> _Goal of the exercise_: Skip the pictures, please, and write out exactly the lines from the opening of the data through the line containing "SKTU Navigation Screen".

> _Data below_:
══════════

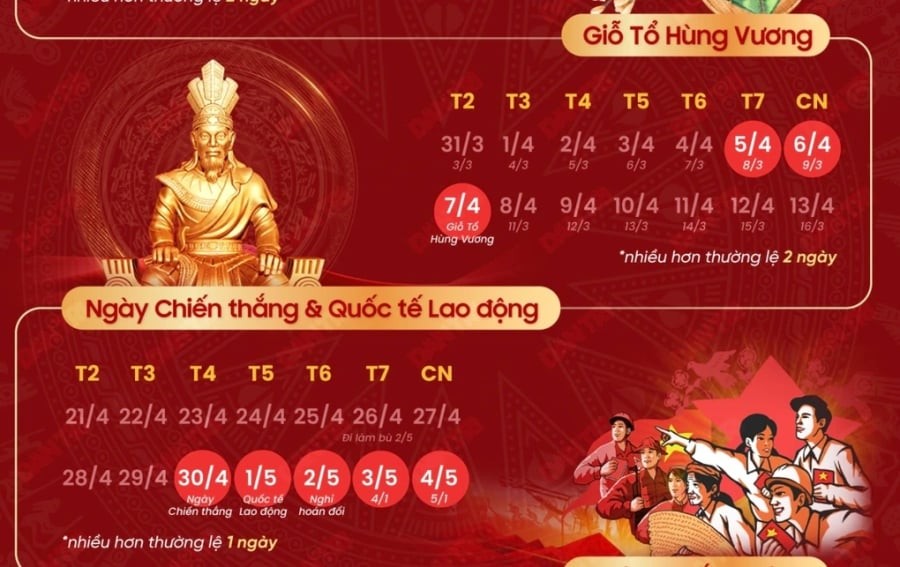 Thay đổi Lịch nghỉ Giỗ tổ Hùng Vương và 30/4 - 1/5: Chính thức người lao động được nghỉ 9 ngày liên tiếp?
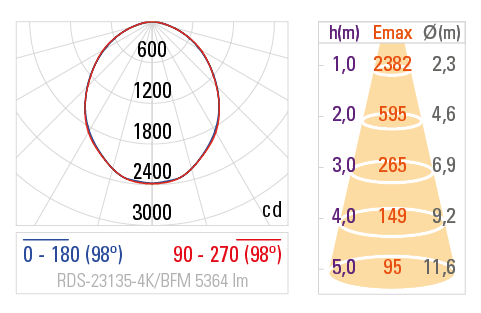 Curva Fotométrica RDS-23135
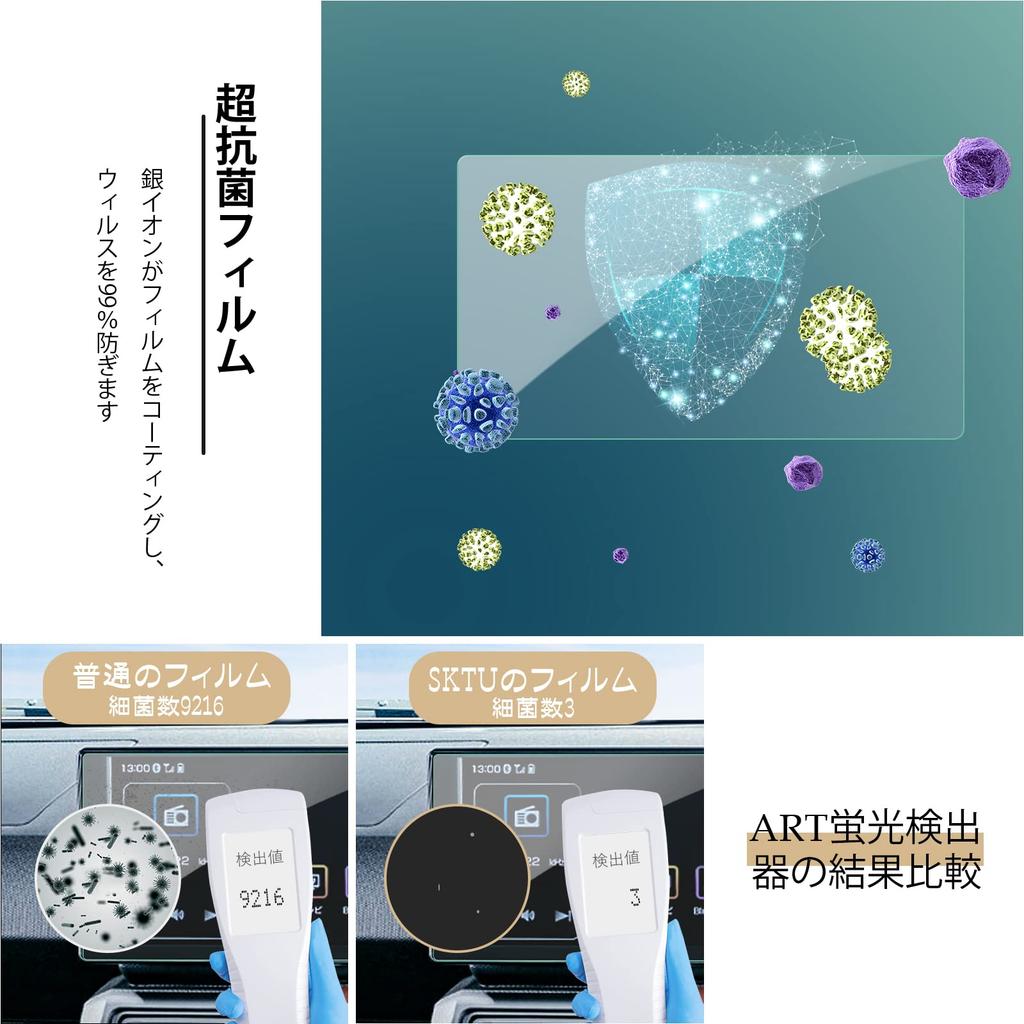 SKTU Navigation Screen Protector Daihatsu Car Navigation Screen 9H Smooth Easy with Daihatsu Taft 3rd Generation LA910S Models 2020 and [For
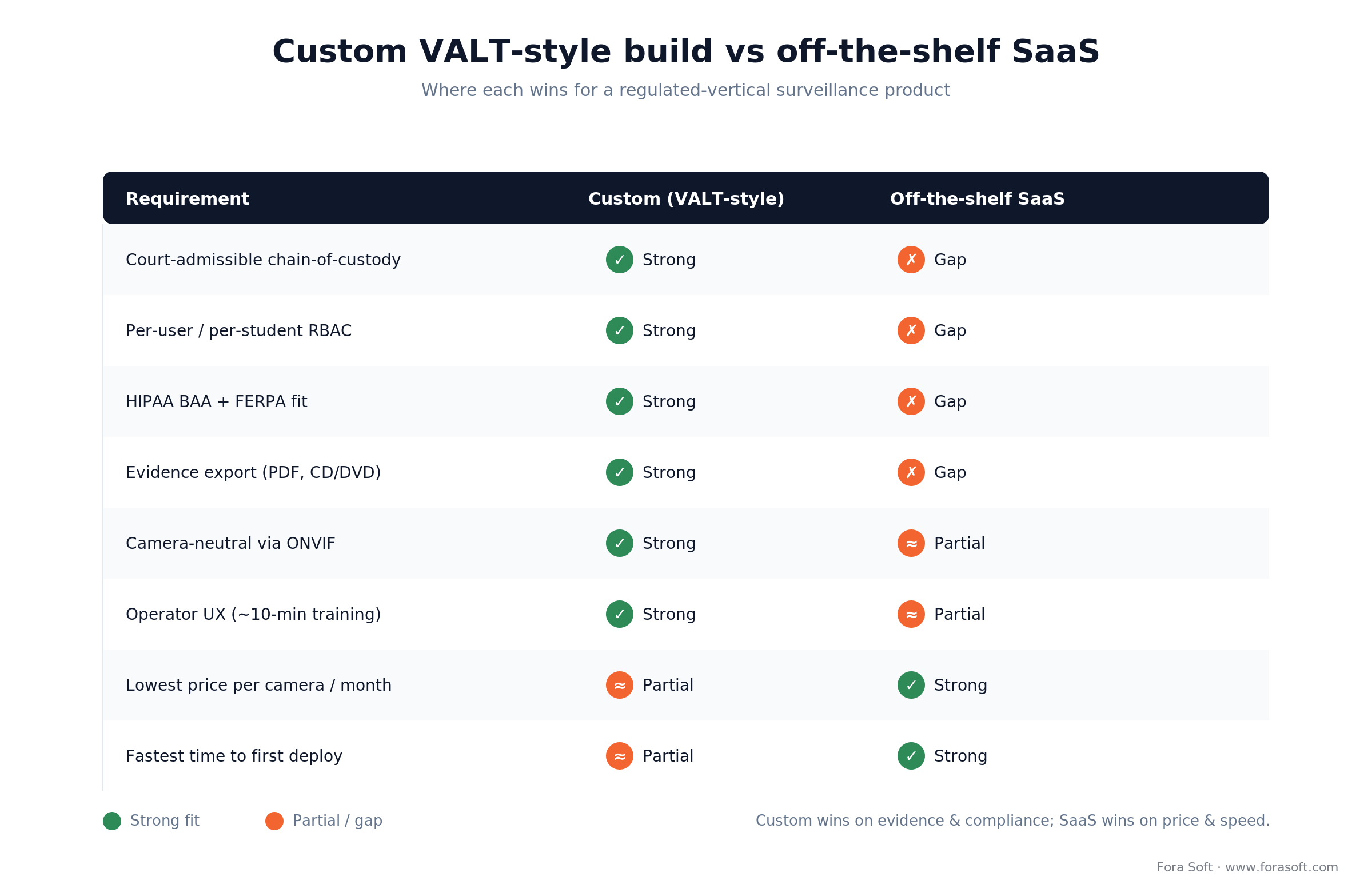 Custom VALT-style VMS vs off-the-shelf SaaS across chain-of-custody, per-user RBAC, HIPAA BAA and evidence export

══════════

> _Solution for this exercise_:
 Thay đổi Lịch nghỉ Giỗ tổ Hùng Vương và 30/4 - 1/5: Chính thức người lao động được nghỉ 9 ngày liên tiếp?
 Curva Fotométrica RDS-23135
 SKTU Navigation Screen Protector Daihatsu Car Navigation Screen 9H Smooth Easy with Daihatsu Taft 3rd Generation LA910S Models 2020 and [For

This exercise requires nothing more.